Rounding out my series of posts on books that have shaped my understanding and love for China, here are the ones that were key in the past decade:
Country Driving, by Peter Hessler. In this book Hessler explores the social changes that have come to China with the rise of a car culture. In Part 1 he writes about his adventures renting a jeep and driving across China, trying to stay as close to the Great Wall as possible. In Part 2, he tells the story of a small village in the mountains outside of Beijing as it adapts to the new road. And in Part 3 he travles the roads linking factory towns in SE China.
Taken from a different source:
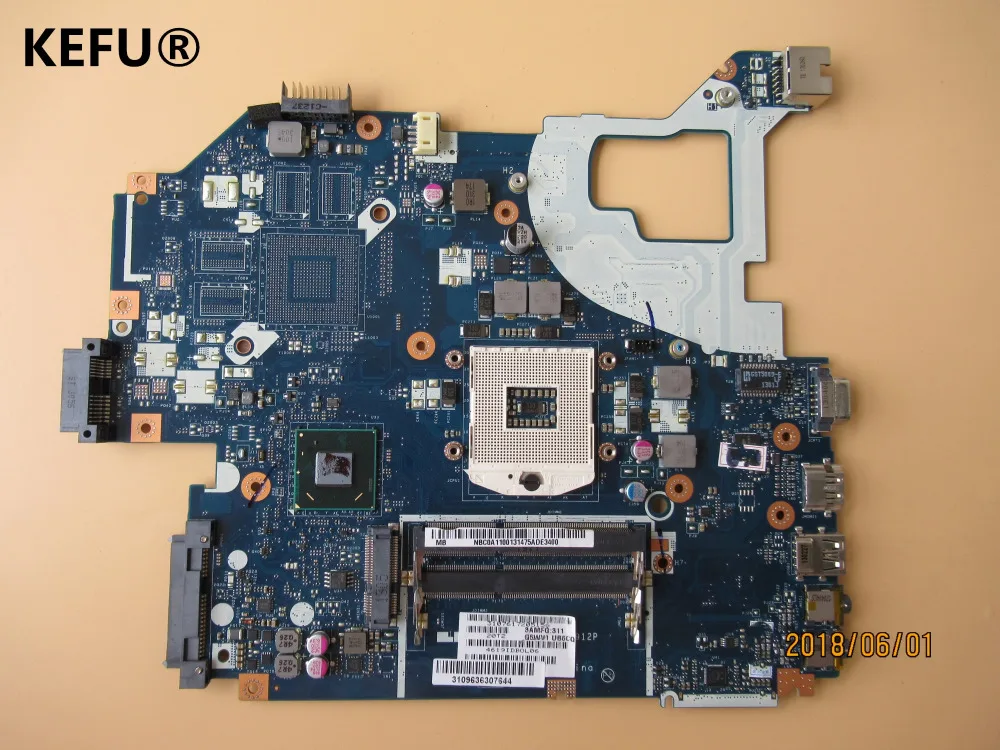 KEFU Original Mainboard for acer E1-531 Q5WV1 LA-7912P REV:2.0 HM70 NBC1F11001 Laptop Motherboard all fully tested
KEFU Original Mainboard for acer E1-531 Q5WV1 LA-7912P REV:2.0 HM70 NBC1F11001 Laptop Motherboard all fully tested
It's classic Hessler — guaranteed to make you chuckle and learn.
Dreaming in Chinese, by Deborah Fallows. Sigh. Another one I wish I'd written. In the run-up to the Olympics, Deborah and her husband James (writer for the Atlantic) spent a couple of years in Beijing. While her husband was reporting for the Atlantic, she took on the task of learning Chinese. This is a great book about the joys and pitfalls of language learning and fun lessons along the way.
Snowflower and the Secret Fan, by Lisa See. Set against the backdrop of the Taiping Rebellion in the mid-19th century, the story is about the 'inner' life of women in Jiangyong County, in southern Hunan Province. This book explores many the values that are deeply embedded in Chinese culture, and even though we are 150 years out from the era in which this story is set, they remain strong today. WARNING: THERE IS A MOVIE VERSION OF THIS BOOK. DO NOT, UNDER ANY CIRCUMSTANCES, WATCH IT. It has very very little to do with the original book.
God is Red, by Liao Yiwu. Dissident writer Liao travels to SW China to explore the growth and impact of Christianity. Not a believer himself, he is nontheless drawn to the stories of faith and pereverence amidst hardship.